> _Brief_:
Where an image appears in the data, omit it and reproduce the rest exactly.

> _Collected data_:
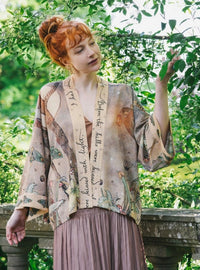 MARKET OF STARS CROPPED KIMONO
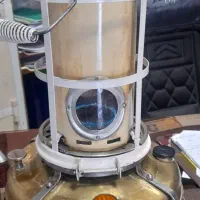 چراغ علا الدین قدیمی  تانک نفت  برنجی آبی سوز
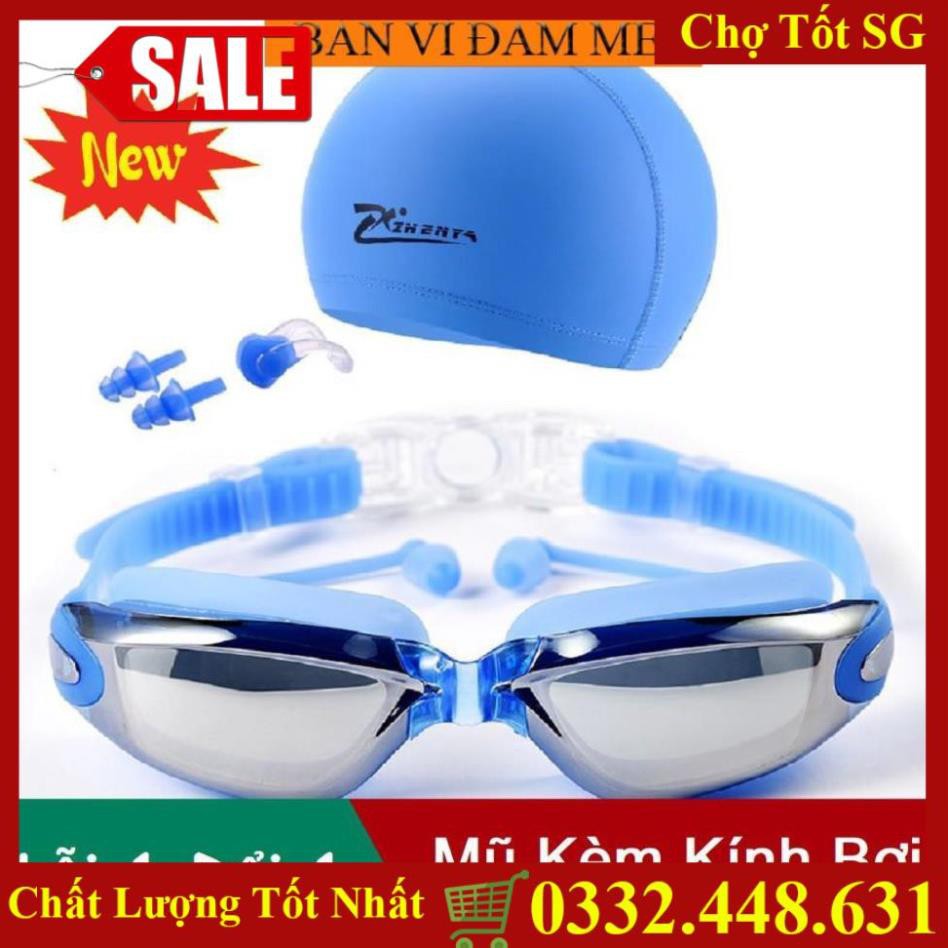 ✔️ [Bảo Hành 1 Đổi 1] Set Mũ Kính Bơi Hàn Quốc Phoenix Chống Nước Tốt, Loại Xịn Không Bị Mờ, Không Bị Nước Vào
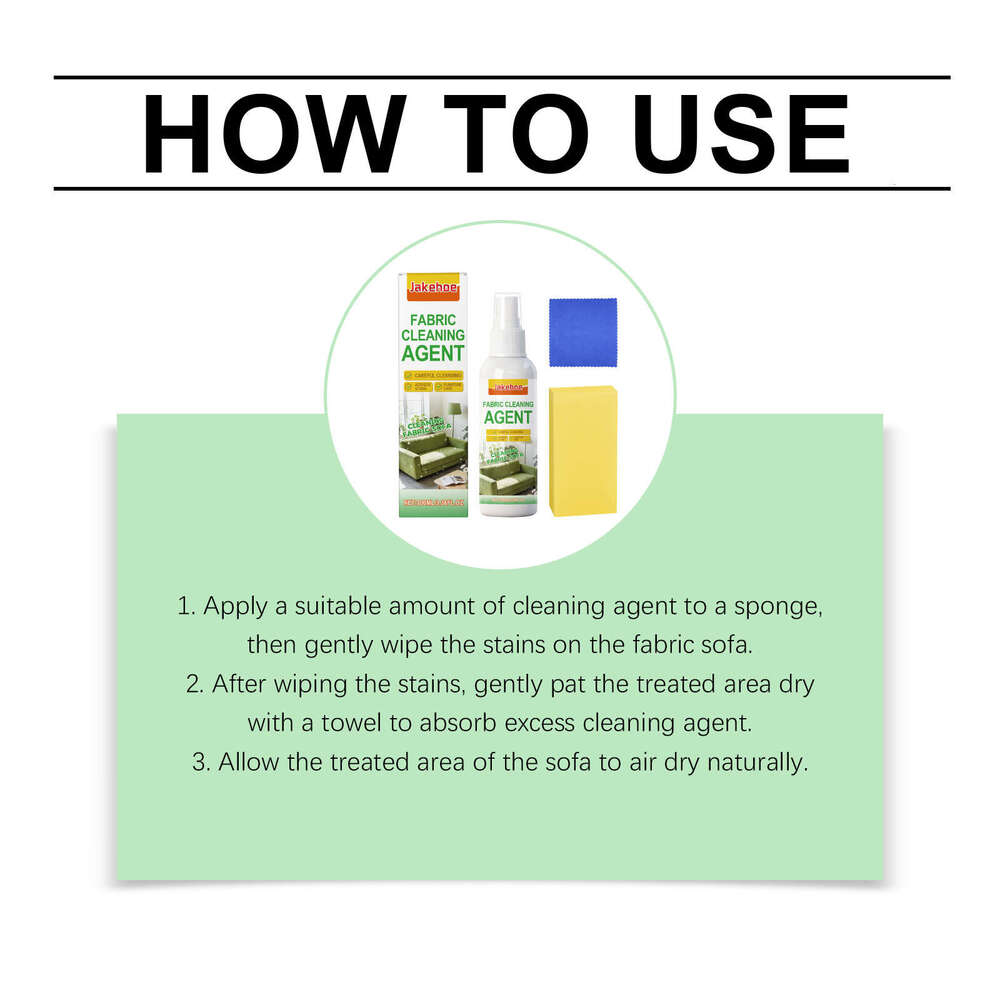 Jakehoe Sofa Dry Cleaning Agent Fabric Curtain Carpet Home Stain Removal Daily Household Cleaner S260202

> _Exercise result_:
 MARKET OF STARS CROPPED KIMONO
 چراغ علا الدین قدیمی  تانک نفت  برنجی آبی سوز
 ✔️ [Bảo Hành 1 Đổi 1] Set Mũ Kính Bơi Hàn Quốc Phoenix Chống Nước Tốt, Loại Xịn Không Bị Mờ, Không Bị Nước Vào
 Jakehoe Sofa Dry Cleaning Agent Fabric Curtain Carpet Home Stain Removal Daily Household Cleaner S260202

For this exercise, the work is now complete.